Task directions | The span to repeat in the listing below runs from the line containing "OLD Gucci　GGエンボスロゴ型押しレザーショルダー（緑）" to the line containing "ilustrasi kemasan pada", inclusive. Repeat it exactly, and only it.

Material provided |
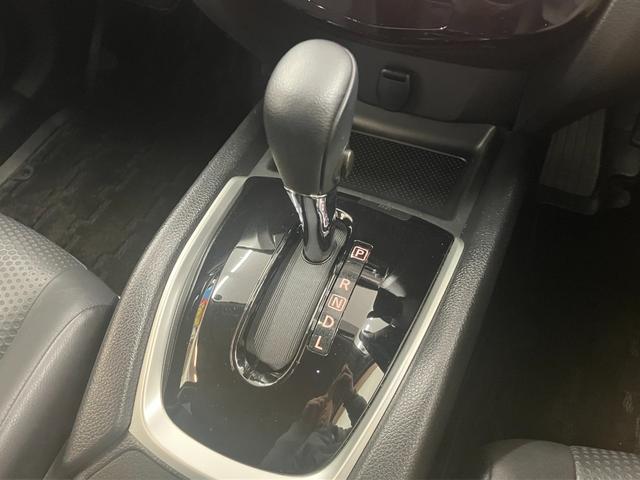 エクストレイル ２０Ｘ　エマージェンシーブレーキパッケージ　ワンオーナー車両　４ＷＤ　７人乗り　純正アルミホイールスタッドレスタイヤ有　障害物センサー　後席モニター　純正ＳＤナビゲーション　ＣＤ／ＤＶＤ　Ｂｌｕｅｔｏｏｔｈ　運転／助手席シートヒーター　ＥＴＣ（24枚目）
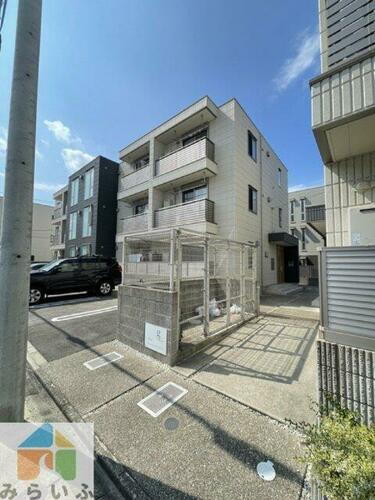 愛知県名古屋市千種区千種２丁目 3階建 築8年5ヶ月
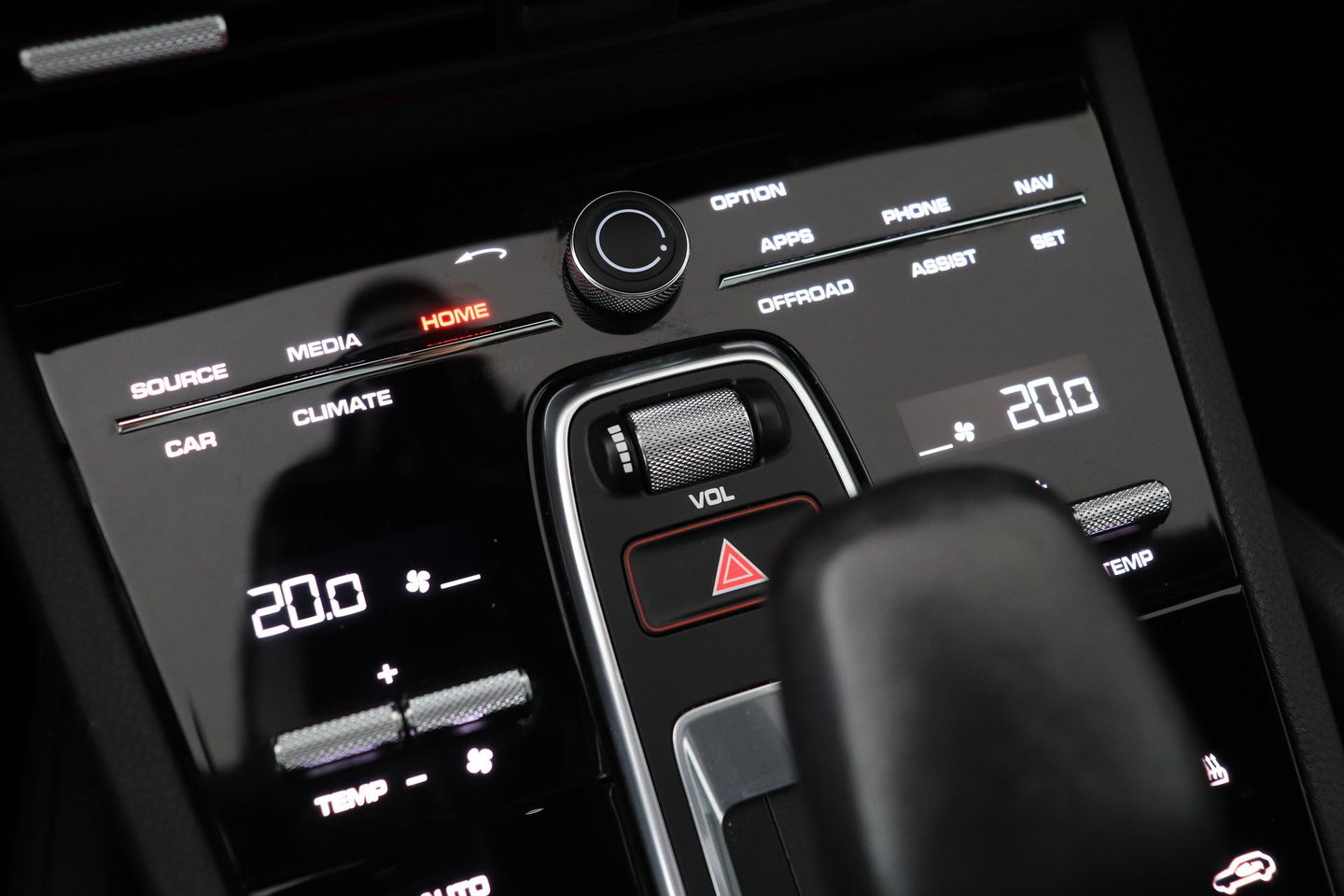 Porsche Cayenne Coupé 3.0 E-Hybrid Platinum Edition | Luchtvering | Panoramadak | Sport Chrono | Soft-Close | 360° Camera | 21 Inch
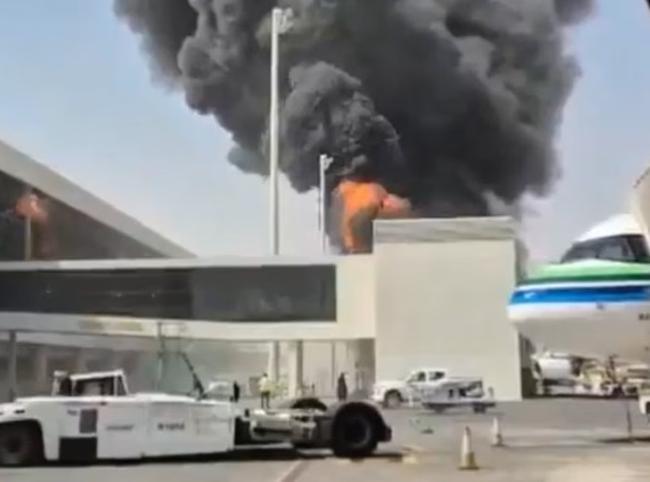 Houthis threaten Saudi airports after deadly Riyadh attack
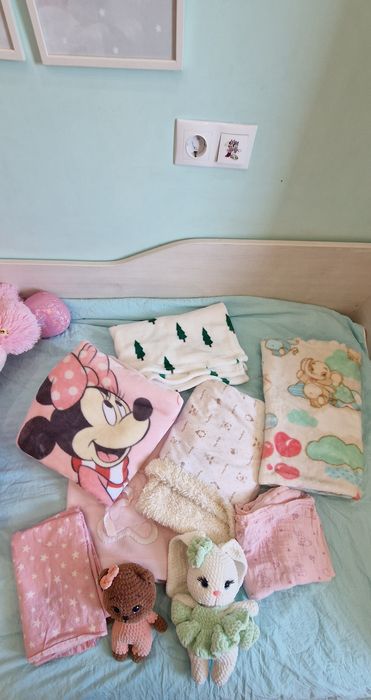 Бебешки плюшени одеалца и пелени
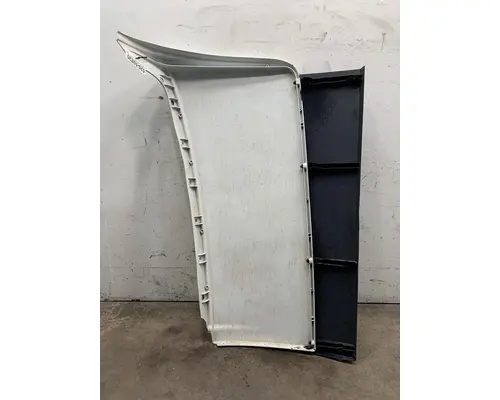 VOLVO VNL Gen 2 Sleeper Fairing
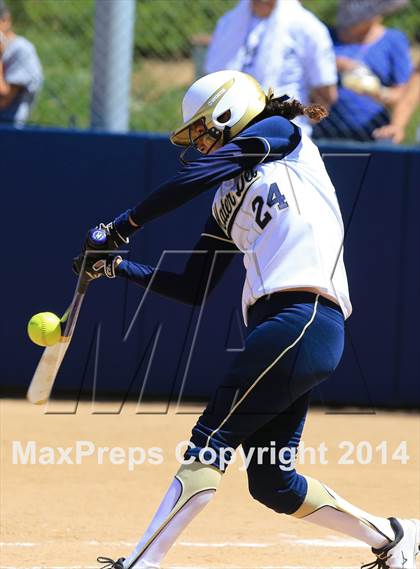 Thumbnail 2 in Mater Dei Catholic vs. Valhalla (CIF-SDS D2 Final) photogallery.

...

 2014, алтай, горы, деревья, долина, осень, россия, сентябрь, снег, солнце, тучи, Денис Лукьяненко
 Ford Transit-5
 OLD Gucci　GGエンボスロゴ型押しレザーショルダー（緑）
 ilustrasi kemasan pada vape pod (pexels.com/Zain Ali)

Solution for this problem |
 OLD Gucci　GGエンボスロゴ型押しレザーショルダー（緑）
 ilustrasi kemasan pada vape pod (pexels.com/Zain Ali)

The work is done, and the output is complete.